The decision by the FBI to unseal the investigation documents once the case ended is proof enough of this.

Donald Trump was repeatedly kept apprised of a scheme to keep adult film star Stormy Daniels silent just before the 2016 election about her alleged affair with the real estate mogul, court documents unsealed on Thursday show.

From start to finish, Trump was in regular contact with his lawyer at the time, Michael Cohen, who arranged the payment. In October, Trump was brought in on a conference call with his longtime communications adviser, Hope Hicks, to discuss efforts to purchase and kill Daniels’ story. Over the coming weeks, Trump had numerous phone calls with Cohen as he went back and forth with Daniels’ attorney. And days before the November election, after The Wall Street Journal published a story detailing a similar hush-payment Cohen also made during the campaign to Playboy model Karen McDougal, Cohen texted “he’s pissed,” an apparent reference to Trump.

The fresh details are contained in several applications for search warrants in the Southern District of New York in which FBI special agents described the evidence law enforcement had obtained showing that Cohen’s $130,000 payoff to Daniels constituted an illegal campaign contribution to Trump’s presidential campaign.

The newly unredacted portions of the applications show the FBI special agents detailing how the hush-money agreement was made — and how Cohen appeared to keep Trump in the know about the deal every step of the way. Cohen is now serving three years in prison for a series of campaign finance, tax fraud and lying charges.

Several media organizations, including POLITICO, obtained the documents through a federal judge’s order tied to the Cohen case. Among the items also released on Thursday is a letter sent earlier this week by Audrey Strauss, the lead U.S. attorney in New York on the Cohen case, notifying the judge that the government’s probe had concluded into who else might be criminally liable for the campaign finance violations to which the former Trump campaign lawyer has already pleaded guilty, as well as whether anyone else gave false statements or obstructed justice.

In other words, the FBI blatantly came clean with its documents to show that they had Trump dead to rights, but they were stopped from above.  The documents also prove former Trump aide Hope Hicks lied to Congress under oath about being involved in the conversations between Cohen and Trump about the hush money payouts.

Negotiations over the hush-money deal to silence Daniels appeared to begin in earnest just after The Washington Post in early October 2016 revealed the “Access Hollywood” tape, in which Trump can be heard bragging about sexually assaulting women.

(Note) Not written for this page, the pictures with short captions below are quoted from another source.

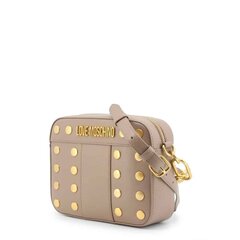 Женская сумка Love Moschino - JC4223PP1DLM0 66126 JC4223PP1DLM0_001 цена и информация | Женские сумки | pigu.lt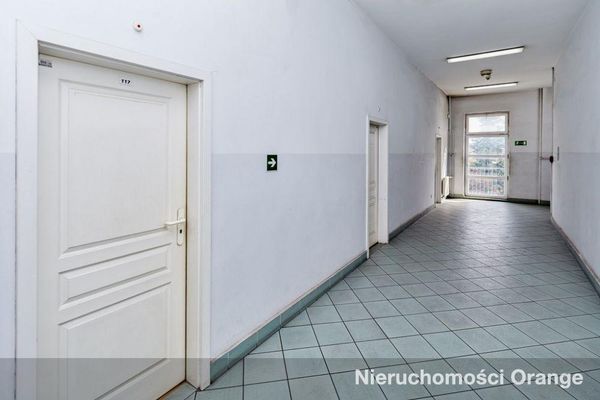 Rzut [T09392] Sienkiewicza 4 - T09392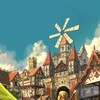 麻花星空mv免费观看高清中文版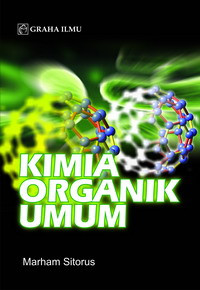 Kimia organik umum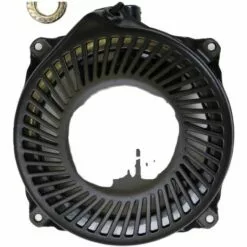 FIXBYME Lanceurs, Débroussailleuse, 494782 - 1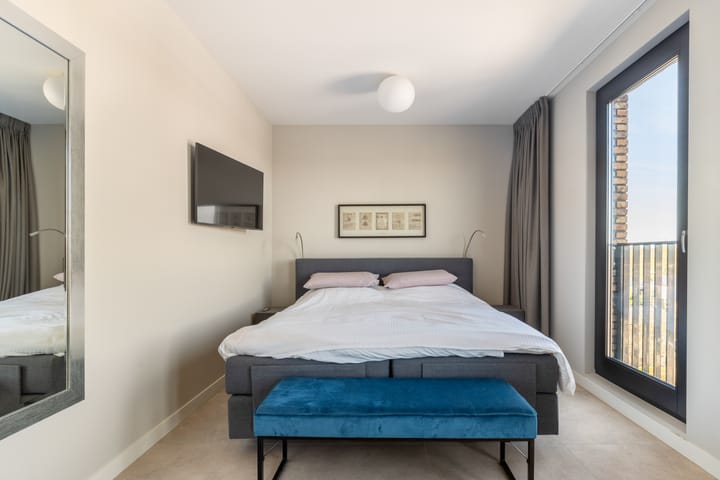 Foto 21 van Raadhuisstraat 286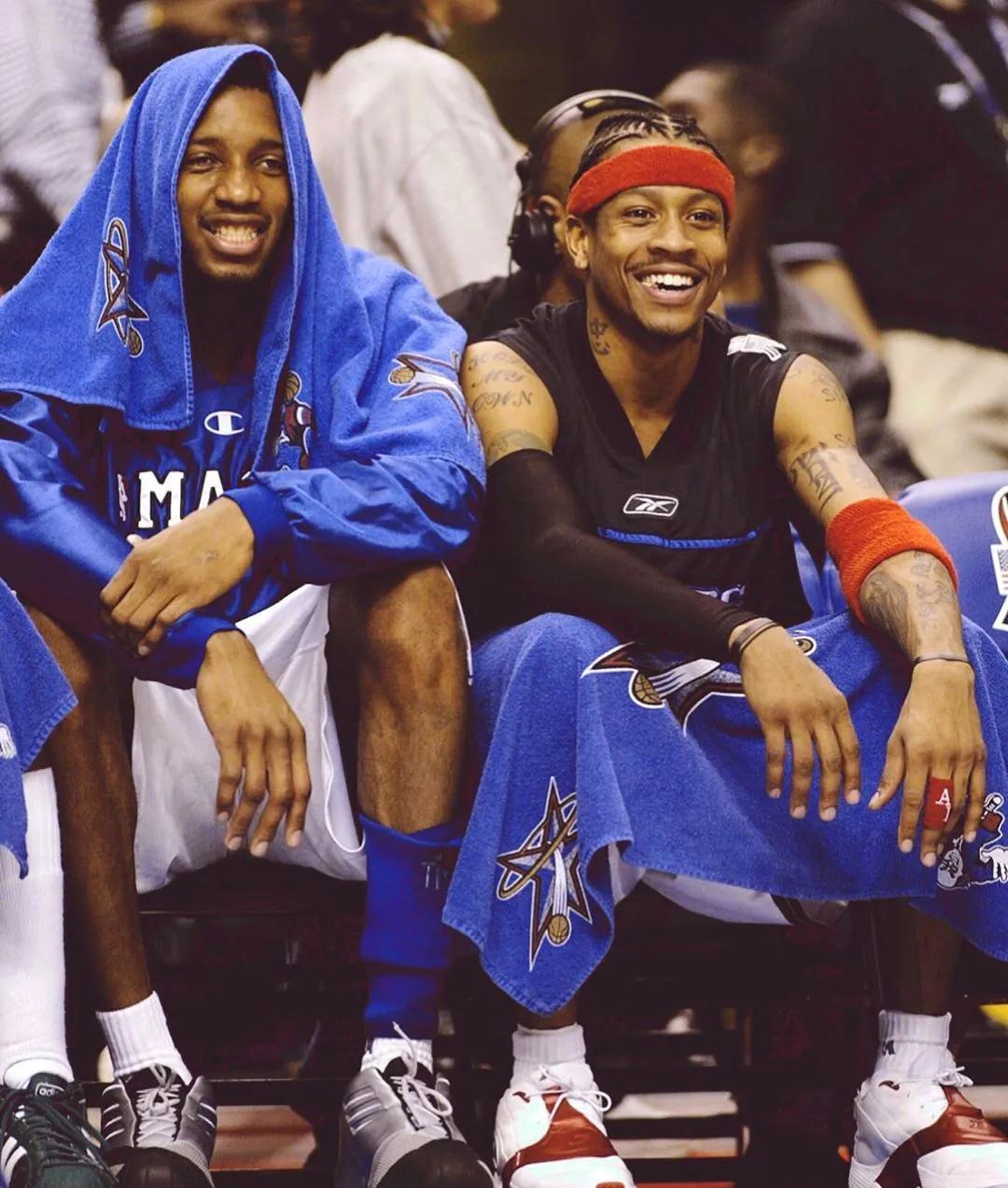 手套高度的 手套高度的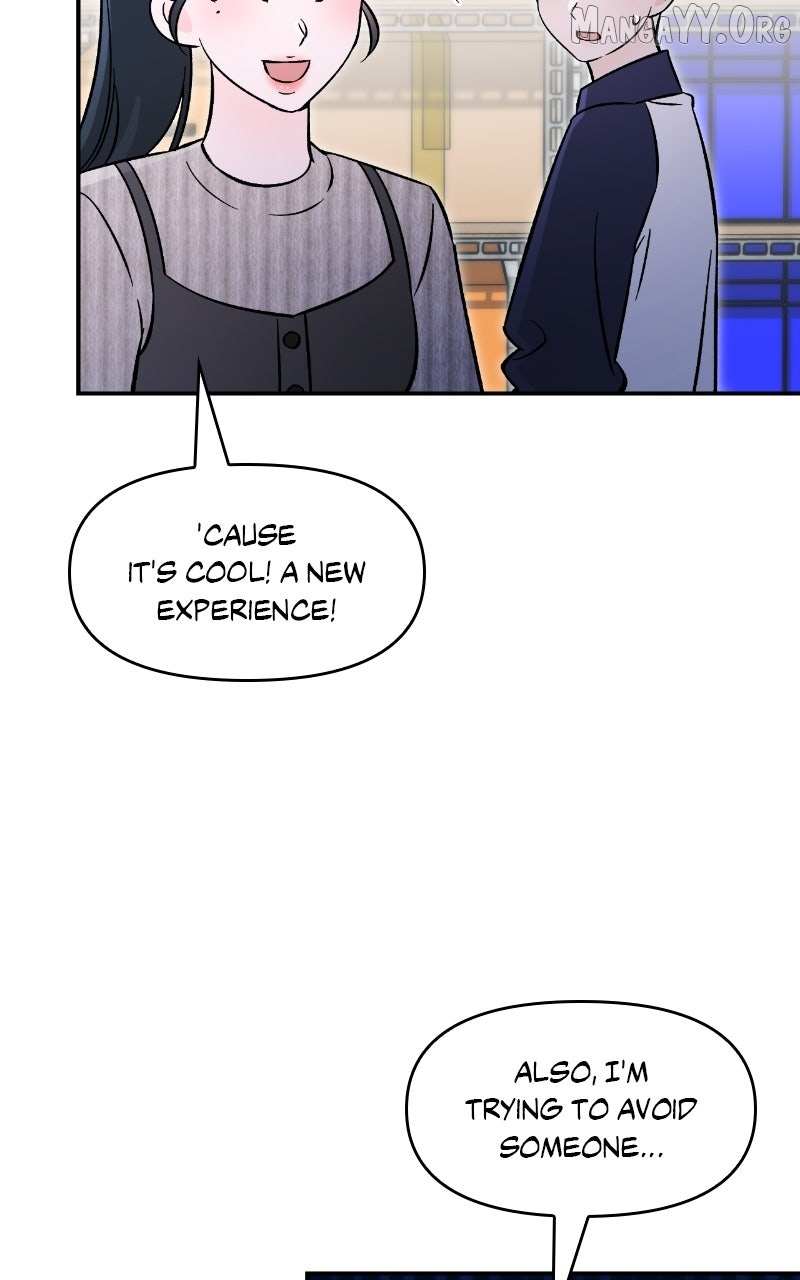 Read Why Does Everyone Love Me?! chapter 24 image 107 on Lezhin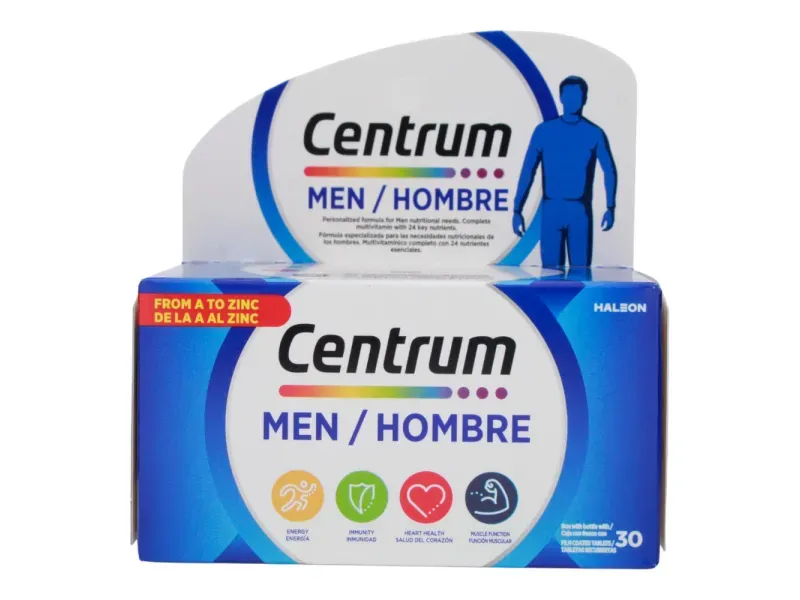 000000000070488890-UN-02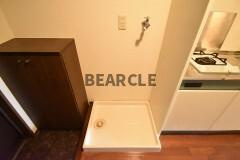 【設備】 | エルシリト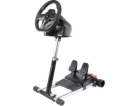 Wheel Stand Pro stojan HORI Logi V2 Racing Wheel Overdriv...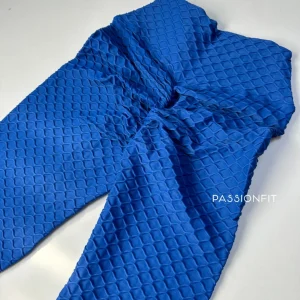Calça Escama PUSH-UP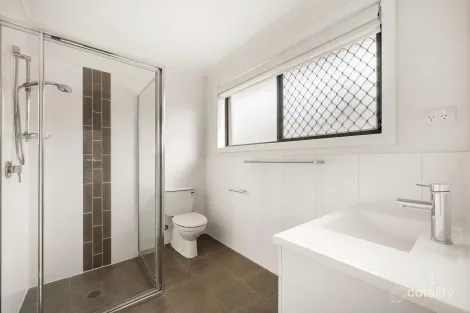 Property photo of 39 Paquita Street Forde ACT 2914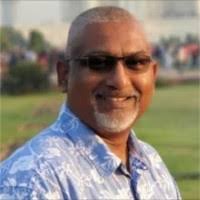 Eric Antebi Email & Phone Number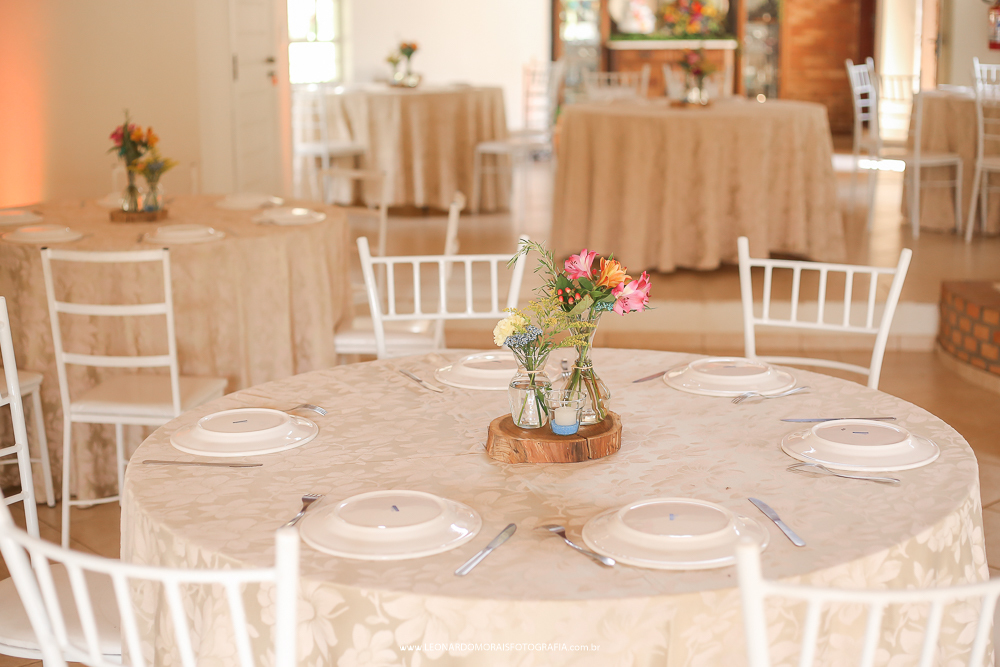 casamento valinhos - casamento ao ar casamento valinhos - morada do senhor - casamento de dia - casamento 2021 de dia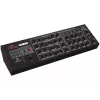 Behringer PRO-800 Analoginis Sintezatorius – 8-balsis darbalaukio modulis su 16 VCO, arpedžiatoriumi ir Poly Chain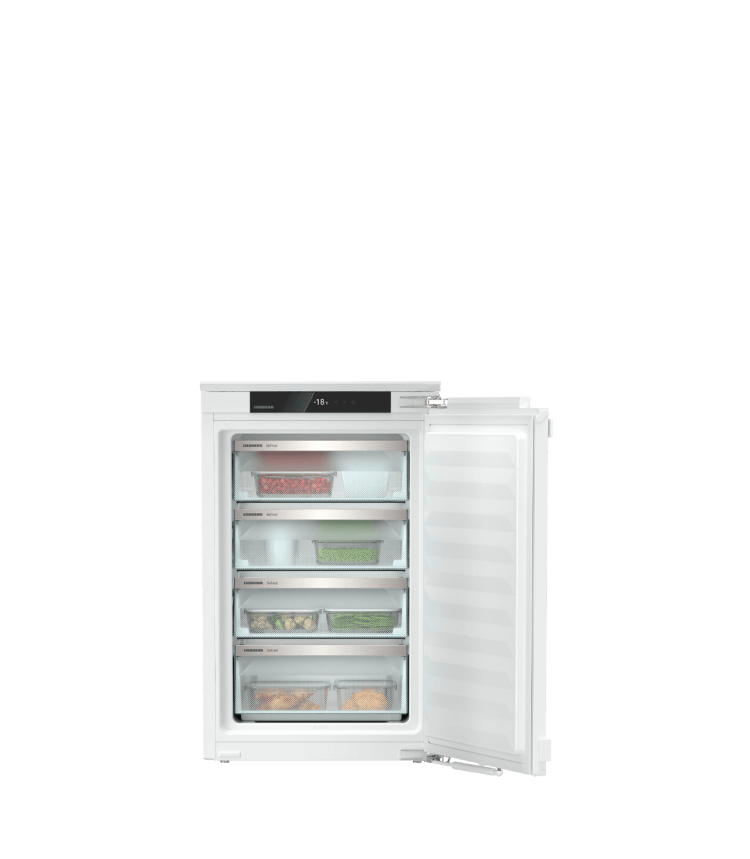 Liebherr IFND 3924-22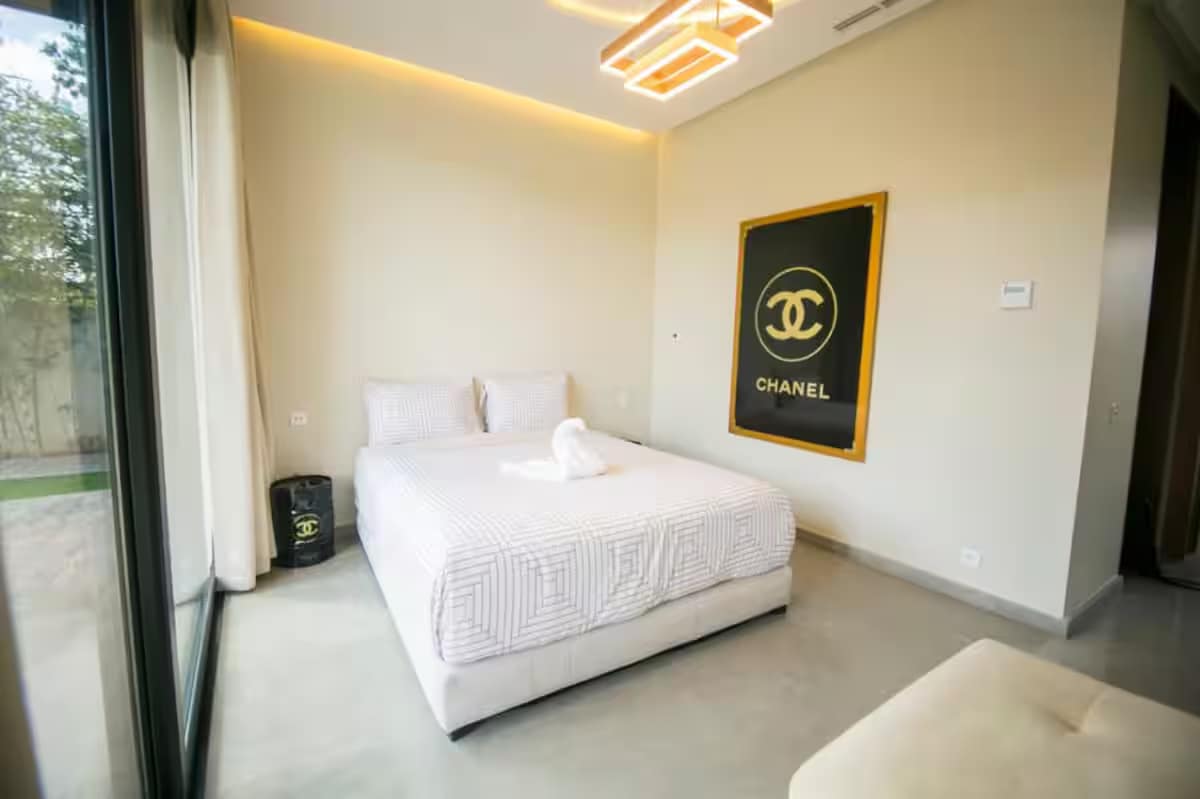 d508906d-bfbb-4212-9da3-3dcca2566e9a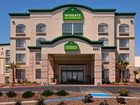 фото отеля Wingate by Wyndham El Paso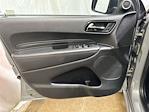 Used 2023 Dodge Durango R/T Plus for sale #LP20189 - photo 24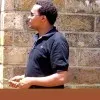 Begashew Zewdie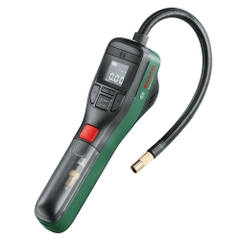 Máy bơm cầm tay EasyPump Bosch 0603947080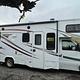 Milanez RV Rental
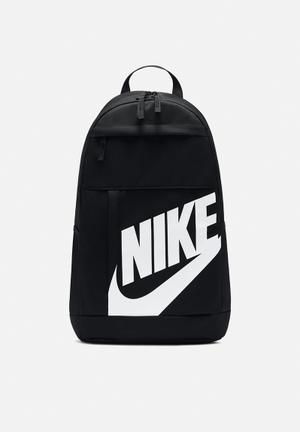 superbalist nike bags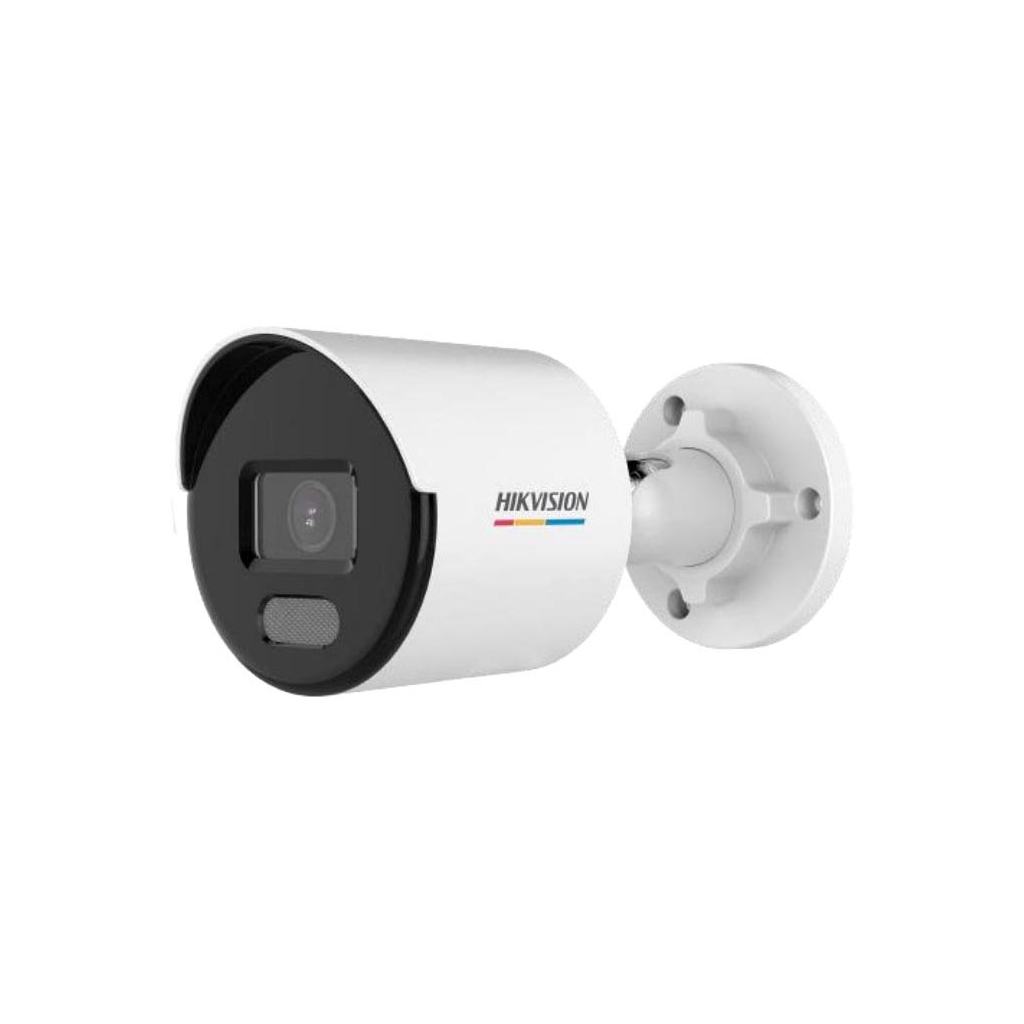 Камера видеонаблюдения Hikvision DS-2CD1027G0-L(C) (4.0)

In the days after that video’s release, Cohen began communicating with Daniels’ attorney, Keith Davidson, according to the FBI’s review of Cohen’s phone records, iCloud and email accounts.

“I believe that at least some of these communications concerned the need to prevent [Daniels] from going public, particularly in the wake of the Access Hollywood story,” an FBI special agent wrote in a search-warrant application.

On Oct. 8, 2016, the day the tape was released, Hicks, then the Trump campaign press secretary, called Cohen. Sixteen seconds later, Trump himself was dialed into the call, which continued for over four minutes. It was the first call Cohen had received or made to Hicks in at least several weeks, and Cohen and Trump had spoken only about once a month prior to that, according to the FBI. Cohen and Hicks spoke again for about two minutes after the call with Trump ended.

Over the next few weeks, Cohen worked to flesh out a deal with Davidson and American Media, Inc., the parent organization of the National Enquirer. The plan was to have AMI purchase and bury the story, a practice known as “catch and kill,” and Cohen would then reimburse AMI for their expenses. Cohen and Davidson worked on the arrangements with Dylan Howard, the chief content officer at AMI.

But again, nothing will happen because Bill Barr has ended the investigation.  Nobody will be prosecuted.  Nobody will be charged.  Well, except Cohen, who is taking the fall for his boss, "Individual-1".

The most corrupt White House in history rolls on.